Pier Paolo Pasolini nasce a Bologna il 5 marzo del 1922. La famiglia si sposta di frequente da una città all’altra per il lavoro del padre, tenente di fanteria, per cui l’unico punto di riferimento certo per il giovane Pasolini sarà Casarsa, una località del Friuli in cui la famiglia tornerà anno dopo anno per trascorrere le vacanze estive, allo stesso tempo prima fonte di ispirazione, con la sua natura incontaminata, la bellezza dei paesaggi e la semplicità della vita montana, per i primi versi del Pasolini poeta. Poeta, ma non solo. Intellettuale, critico letterario, saggista, regista, sportivo. Non c’era niente o quasi che Pier Paolo non sapesse fare. A soli 17 anni si iscrisse all’università, saltando un anno di liceo, indirizzo lettere e filosofia.
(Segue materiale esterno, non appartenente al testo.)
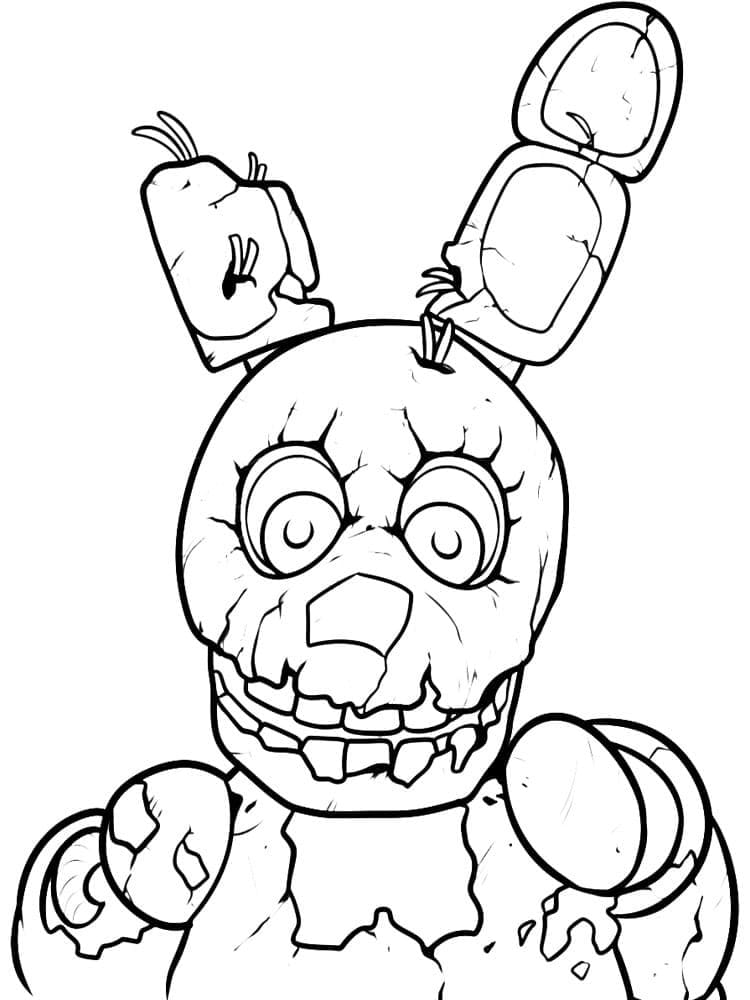 Springtrap Five Nights at Freddy’s coloring page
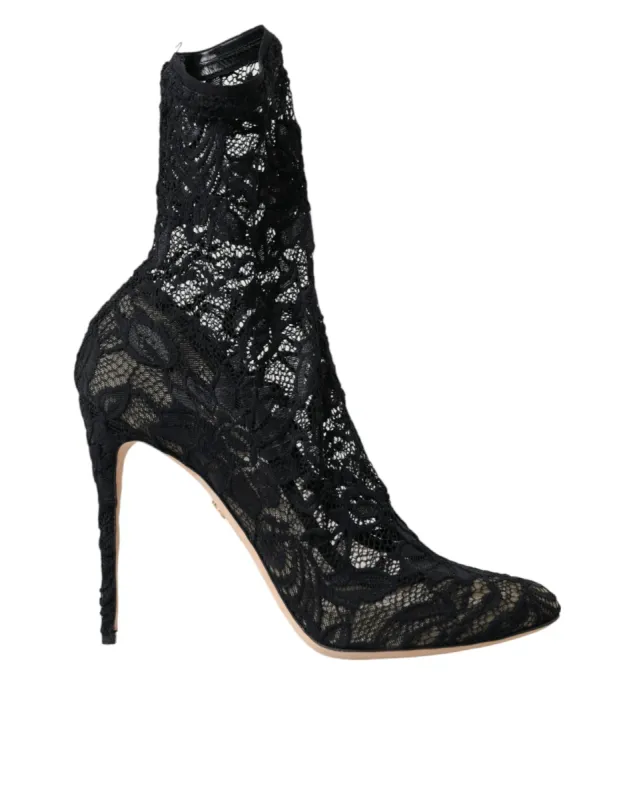 Black Stretch Taormina Lace Boots Shoes sold by Louxly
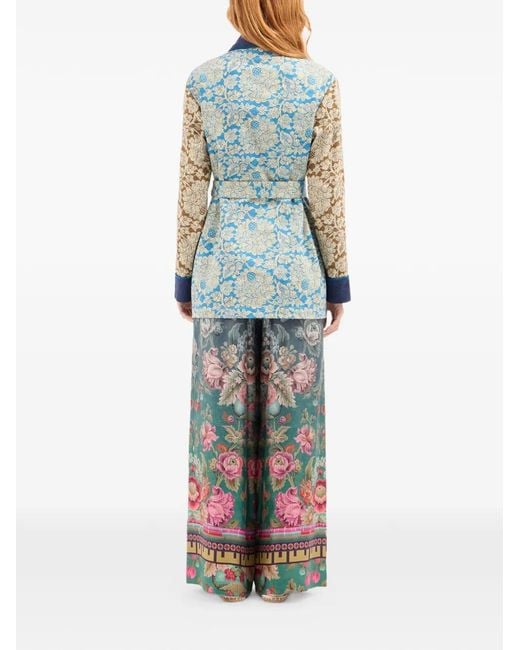 Pierre Louis Mascia Blue Ricordo Floral-Print Shawl-Collar Jacket
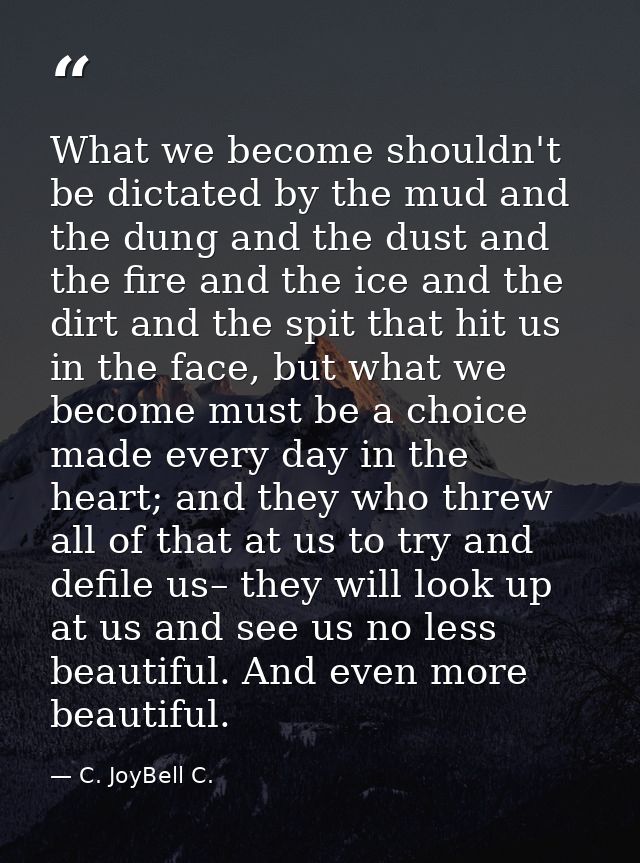 What we become shouldn't be dictated by the mud and the dung and the dust and the fire and the ice and the dirt and the  — C. JoyBell C.
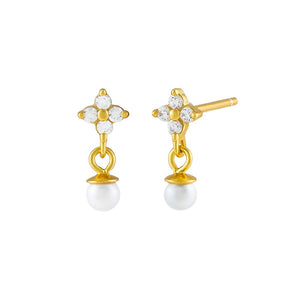 Pearl White CZ Flower x Pearl Stud Earring - Adina Eden's Jewels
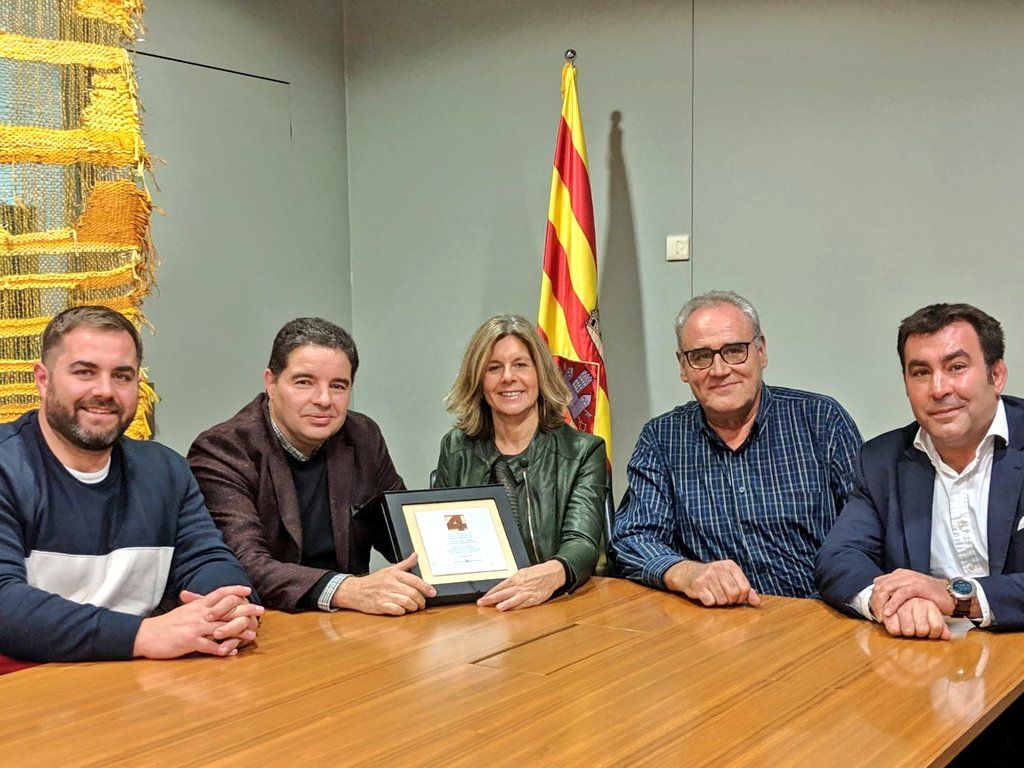 Eloi Rovira, Albert Salarich, Carmela Fortuny, Miquel Martínez i Mauri Benito, en l'acte de reconeixement. FOTO: Twitter Ajuntament de Sant Cugat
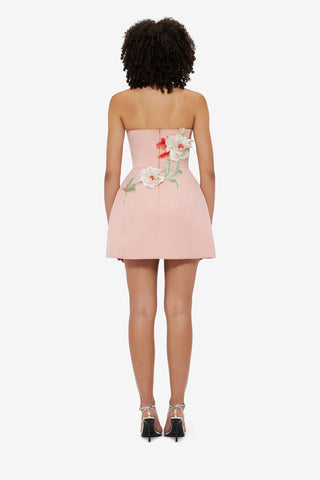 Exclusive LEO LIN Rosario Appliqué Bustier Mini Dress - Peony Print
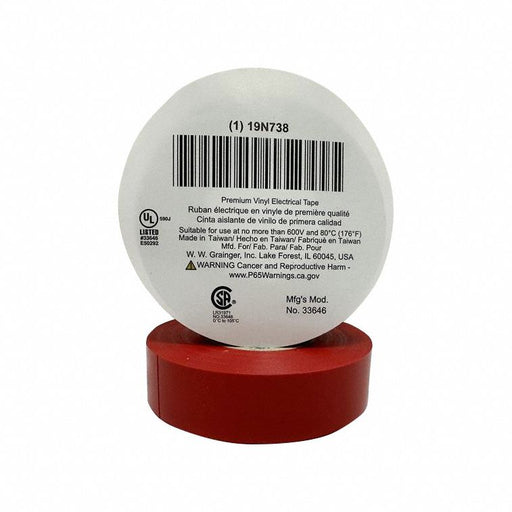 ElectricalTape Vinyl Red 22ydL 3/4inW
A segnare la sua giovinezza fu la morte del fratello Guido (1945), massacrato durante la seconda guerra mondiale. L’evento distrugge completamente la psicologia peraltro già fragile della madre di Pasolini, il quale di conseguenza si avvicina ancor più all’unica figura femminile rilevante nella sua vita, tagliando definitivamente i contatti già controversi col padre. Un rapporto simbiotico, quasi fusionale, quello di Pasolini con la madre, che ebbe probabilmente un ruolo nella sua dichiarata scelta omosessuale. Una perversione inaccettabile per l’epoca, che finirà per screditarne anche la reputazione letteraria, e gli costerà, oltre all’allontanamento dalla professione di insegnante, una serie di processi, negli anni, per corruzione di minorenni, accanto al ben più dannoso processo “mediatico” che lo esporrà alla gogna.
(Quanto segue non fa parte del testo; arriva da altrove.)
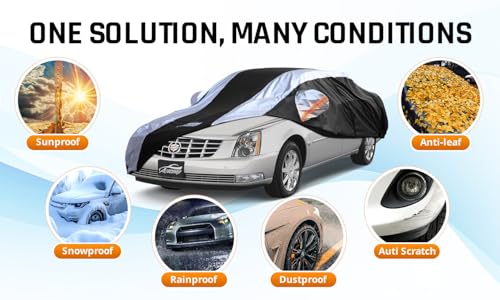 Car Cover Waterproof All Weather with Silver Strip Design, Custom Fit for DTS(2006–2011), XTS(2013-2019), CT6(2016-2020), DTS Accessory with Door Zipper & Windproof Straps - size: Custom Fit Cadillac DTS, XTS, CT6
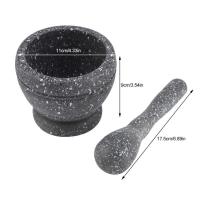 MAXHOME-Juego de mortero de resina clásico,Mortero Quttin Negro (11 x 9 cm), guacamole, hierbas, molinillo de especias, cuenco, molinillo de alimentos, barra de mezcla, utensilios de cocina (textura de granito) - details 3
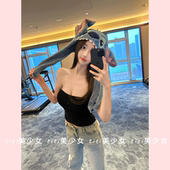 性感黑色针织抹胸背心修身 TiTi美少女 内搭裹胸辣妹外穿上衣
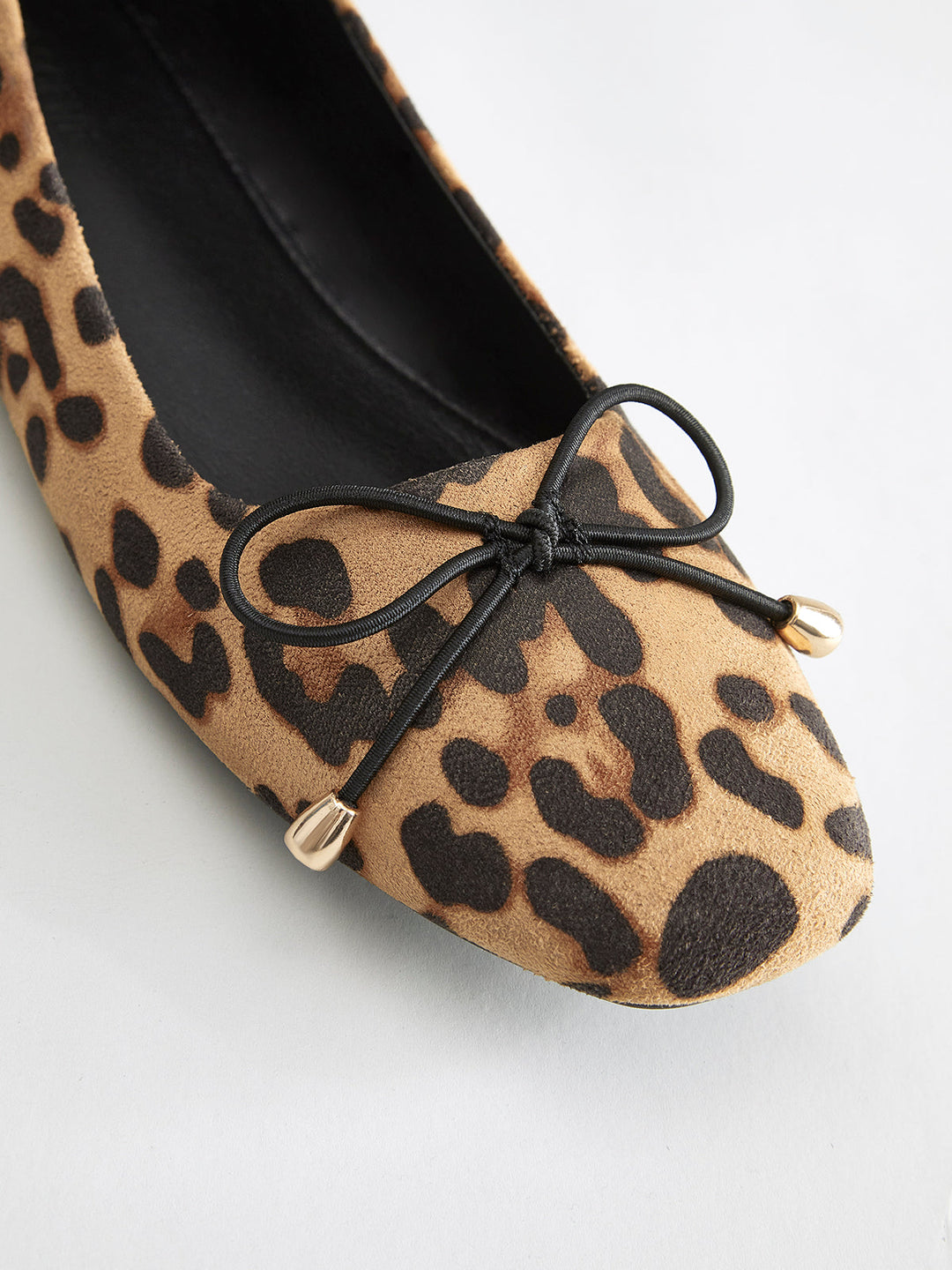 Drune | Bow Decor Leopard Print Ballerinas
Intanto, la sua adesione non incondizionata alle posizioni del Pci, di cui pure era membro, gli valse l’esilio dal partito, anche in seguito ai fatti giudiziari di Ramuscello. Nel 1950 Pasolini abbandona il Friuli che tanto gli aveva dato, per rifugiarsi nella borgata romana. Solo lì, tra la desolazione e la difficoltà della vita quotidiana, tra gente che non ha nulla da perdere né da chiedere, Pier Paolo ritrova se stesso. Arrangiandosi per tirare avanti, senza chiedere aiuto a nessuno dei suoi amici intellettuali, iniziò a lavorare a Cinecittà. Avvenne così il suo incontro con il cinema che sarà una rivelazione. La pellicola, associando le parole alle immagini gli permetterà di esprimere molto più fedelmente, attraverso la bellezza desolata e brulla di volti e paesaggi, quel contrasto interiore che lo tormentava sin da ragazzo.
Una vita che anche nella sua fine rimane oscura e controversa. Le circostanze della sua morte non saranno mai chiarite, anche se la legge condannerà Pelosi come unico esecutore dell’omicidio, che verrà bollato come delitto passionale. Il corpo di Pasolini tornerà a riposare a Casarsa, nei luoghi dell’infanzia, unici in cui forse la sua anima tormentata trovò un po’ di pace.